What a strange trial, what a strange verdict

In 1994, after a massive race-based campaign in the press, the ex-footballer (American variety) OJ Simpson was found not guilty of murder. Commenting upon the case, the columnist George Will suggested that any sane jury would have convicted on ten percent of the evidence presented – with the defence deciding which ten percent. This proves, he added wittily, that a black man indeed can’t get a fair trial in America.

At the time I thought that the case brought into question the validity of the jury system, as it is today. Don’t get me wrong. In this world we aren’t blessed with perfect institutions, and every system of human justice will be flawed. However, of the available choices, I’m convinced that the jury system is the best – in theory. Actually, best in practice too, or rather it was during the centuries we could easily find 12 just men who understood what justice meant. It’s debatable whether this is still the case, and the verdict in the McDonald and Evans case strengthens the contra arguments.

The facts, as established at the trial, are clear-cut. The professional footballer Clayton McDonald picked up a girl in the wee hours of morning. The girl was the worse for wear, and her clothing was in disarray. Uncoerced, she got into a cab with McDonald, who then took her to a hotel where they had sex. Another footballer, Ched Evans, then walked in to catch the act in progress. Being a sharing kind, McDonald invited Evans to join in, which he did, while his brother and another man were trying to film the action with their phone cameras.

The next morning the girl woke up naked in bed and reported rape. The two footballers were arrested and tried, and now we know the verdict. I’d like to emphasise here that the verdict was passed on their criminal culpability, not their moral character. I wouldn’t hold them up as role models for children to follow, but they are after all footballers, not residents of Mount Athos. The question is, did they commit a crime?

The prosecution claimed they did, as the girl was in no condition to consent to sex. The defence countered that, though drunk, the girl could have said ‘no’ and therefore wasn’t raped.

As far as I’m concerned, there were only two possible ways out of this impasse. One, the prosecution is right, the girl didn’t consent, in which case we’re dealing with a vile crime whose perpetrators should be locked up for as long as the law allows (while those filming their crime can legitimately be charged with complicity). Two, the defence is right, the girl did consent, in which case the defendants should walk.

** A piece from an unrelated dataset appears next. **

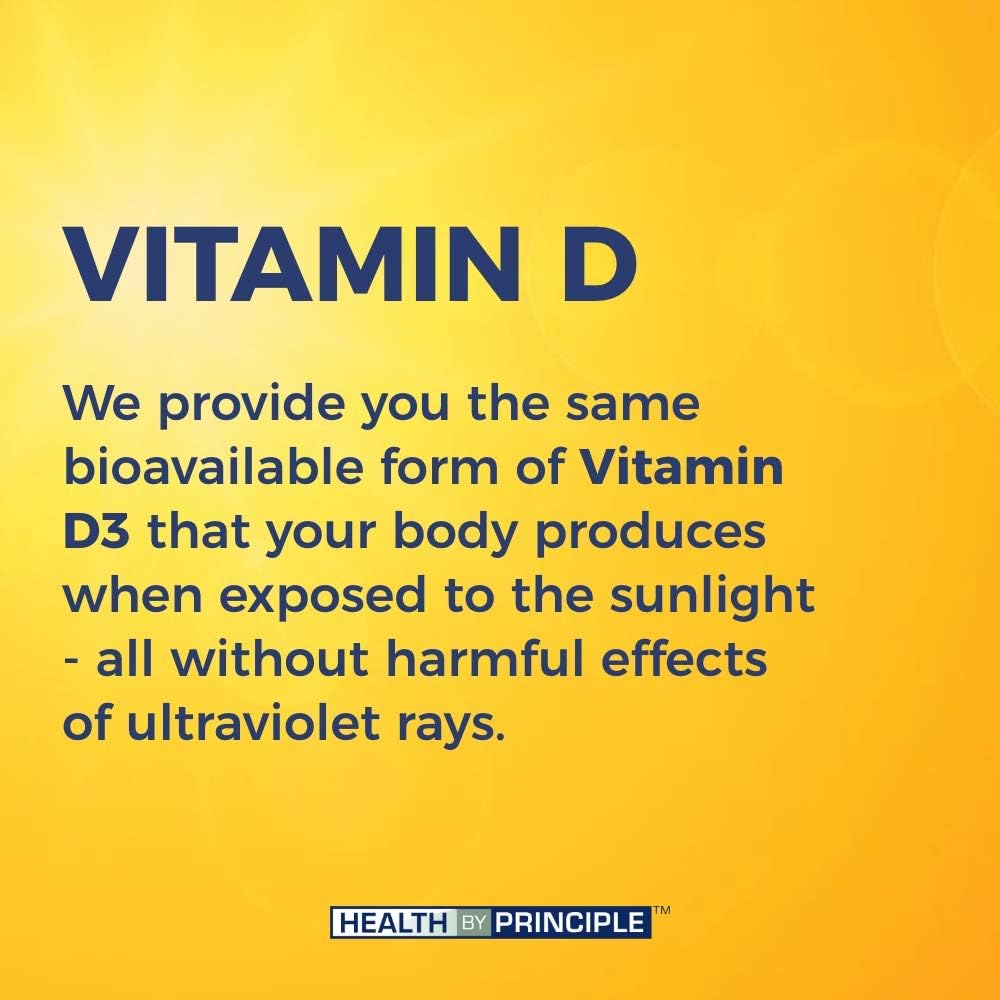 Vitamin D3 Softgels with Coconut Oil for Immune, Bone, and Cognitive Health - Natural, Organic, Gluten Free - 1 Mini Softgels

One would think that these are the only two logical options. However, the jury of 12 Solomons found a third one: they acquitted McDonald and convicted Evans, who was then sentenced to five years.

I don’t get this. The acquittal of McDonald suggests that his sex with the girl was consensual, meaning she was sober enough to have played along. However, when Evans’s turn came, the girl, now presumably drunker than before, had lost the ability to consent and was therefore raped.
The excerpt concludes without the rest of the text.